Translated by Lester Somera
Akashiyaki - Akashi City's Famously Fluffy Octopus Treat!
The seaside city of Akashi is known for its delicious seafood. Today we'll introduce you to Tenshin, which specializes in the local favorite, Akashiyaki.
Written by Osawa Kumi
Located in southern Hyogo Prefecture, the city of Akashi faces out onto the Seto Inland Sea, and it is famous for its bounty of seafood, such as sea bream and octopus. This time, we would like to introduce a restaurant that uses octopus from Futami – an area that is famous even in Akashi for its exceptionally delicious octopus – to craft the local specialty known as Akashiyaki.
Takoyaki, the representative food of Kansai, consists of balls of dough stuffed with octopus, onion, ginger and other fillings; these balls are then fried and eaten with sauce. On the other hand, Akashiyaki dough balls are made with extra egg.
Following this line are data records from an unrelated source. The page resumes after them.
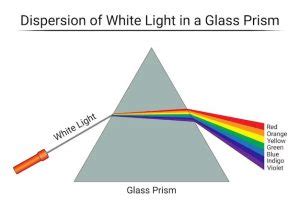 Image result for A Level Physics White Light Diffraction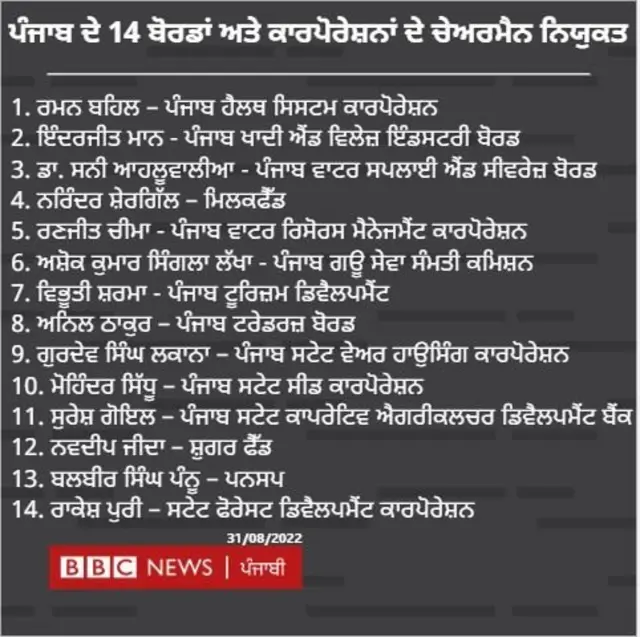 ਚੇਅਰਮੈਨਾਂ ਦੀ ਲਿਸਟ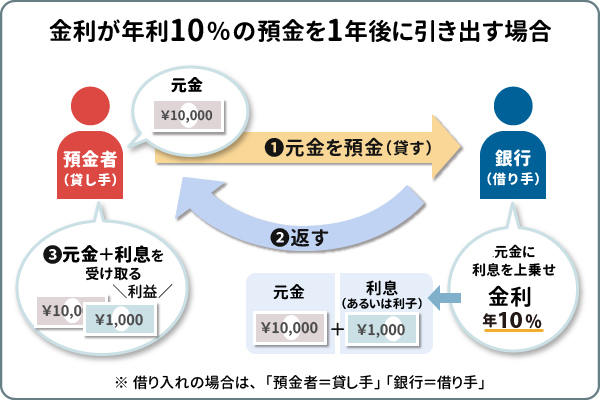 金利が年利10%の預金を1年後に引き出す場合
Before the insides of the Akashiyaki balls have fully set, they are eaten with dashi broth, rather than sauce.
*Akashiyaki is fondly known as tamago-yaki in the local area, but here we will refer to it as Akashiyaki.
It takes about 70 minutes to get from Osaka Umeda to Futami via the Hanshin direct limited express bound for Sanyō Himeji. You won’t need to make any transfers before arriving at Higashi-Futami Station.
Exit the station ticket gates and head left. Descend the north side stairs and head east for a few minutes, and the Akashiyaki shop Tenshin will come into view.
Passed down for three generations, Tenshin has been a Futami fixture since it opened 50 years ago. Once lunchtime rolls around, this popular shop will have lines of customers waiting outside the door. You can also get takeout from the window on the right.
The cozy counters and tables inside the shop will be occupied by both local regulars and travelers from afar, who come to Futami to sample the highly regarded Akashiyaki.
The Supreme Deliciousness of Freshly Made Akashiyaki!
Let’s go ahead and order from the menu. A tray of 15 is 550 yen, and ordering a deluxe tray with extra egg is 580 yen. The prices are really reasonable.
The Akashiyaki is served on top of a slanted wooden tray. This is to make it easy to eat, and so that the tray is easy to clean.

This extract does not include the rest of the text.